From historic food to modern wine…In an effort to “re-basquify” the regions of Euzkadi that had over many years, and for many reasons, lost their Basque culture, the Basque government in Gasteiz (Vitoria) authorized the creation of new appellations like Arabako Txakolina. As with its older coastal Txakoli cousins in Getaria and Bizkaia, Alava Txakoli wines are based primarily on the somewhat mysterious and very Basque Hondarribi Zuri grape variety but with the addition of Izkiriota and Izkiriota Ttippia (sic!) (the Basque names for Gros Manseng and Petit Manseng respectively) the rare Petit Corbu, and few “international” varieties as well (Riesling and Chardonnay!). The Mansengs and the Corbu, if not strictly Basque (and they may be), are found in just a small slice of the northern Pyreneean foothills…
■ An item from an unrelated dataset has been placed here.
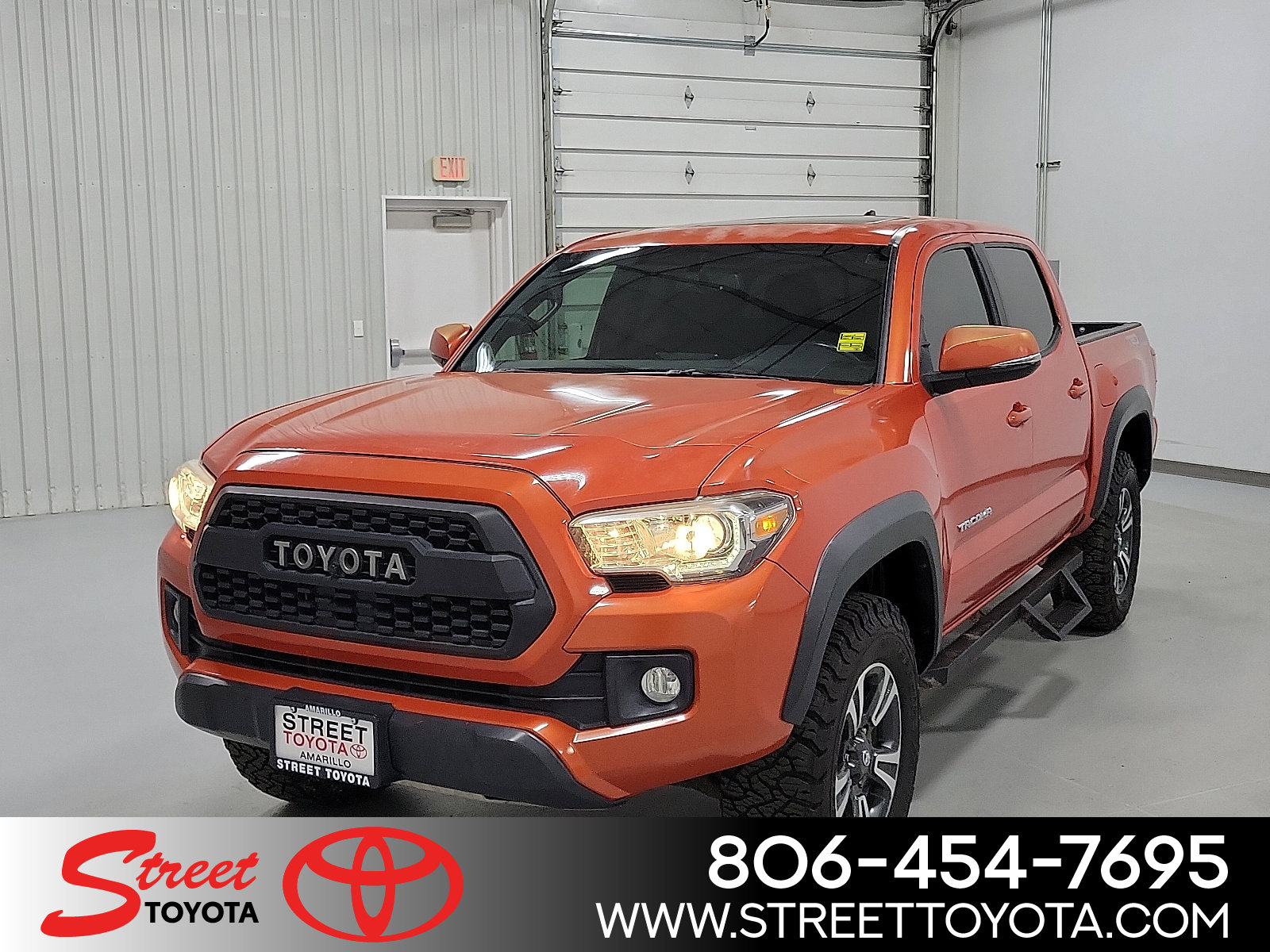 2017 Toyota Tacoma TRD Off Road's photo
Xarmant Arabako Txakolina 2009

Ever so slightly coppery, pale gold color. Assertive nose of minerally lime, green apple, and toasted almond notes. The entry on the palate is zippy, bracing, and light, but with a very wiry mid-palate, and pulpy, “nectary” yellow fruit and fresh ginger flavors that add a richness and body that picks up a grapefruit tartness on the fairly long finish.
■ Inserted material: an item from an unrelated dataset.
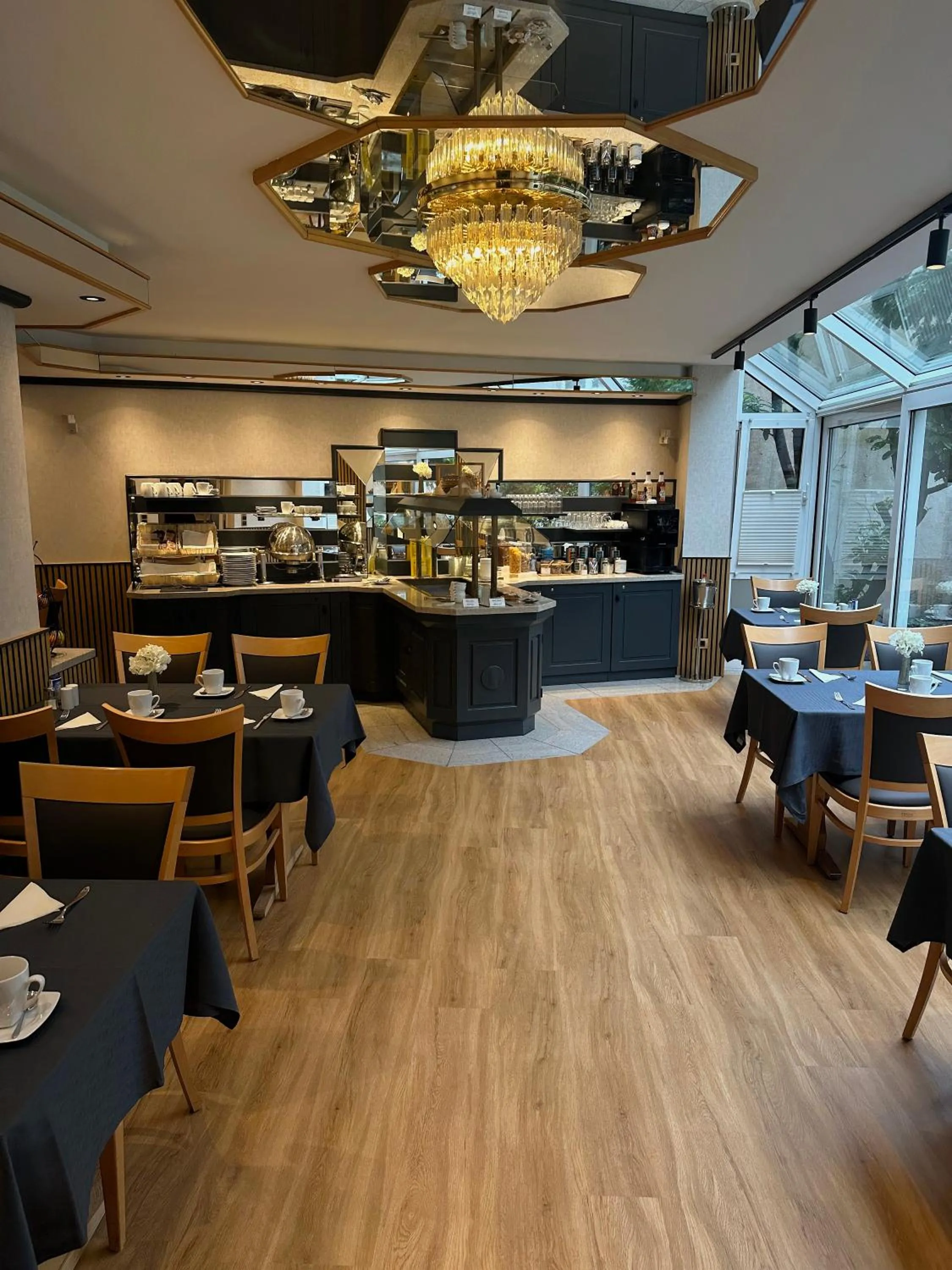 Breakfast in Ambient Hotel Zum Schwan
  1. Your knowledge of food and wines continues to astound me! I haven’t yet traveled in Basque country, though that is one of my next two trips. Txakoli and its relations are some of the reasons. One of my favorites is a rose: Ameztoi Getariako Txakolina, made of Hondarribi Zuri and Hondarribi Belta, and you are the first person I ever saw refer to either of those grapes.

    I had a Petit Manseng just once, a few years ago in SFO. It was a Herri Mina 2005 at Piperade, and it was superb and unusual, as I find these wines often are. The other grabber for me was that it was from Irouleguy, on the French side of the Pyrenees, whence cometh Domaine Arretxea — a dark and dense red, perfect with Arroz Negro.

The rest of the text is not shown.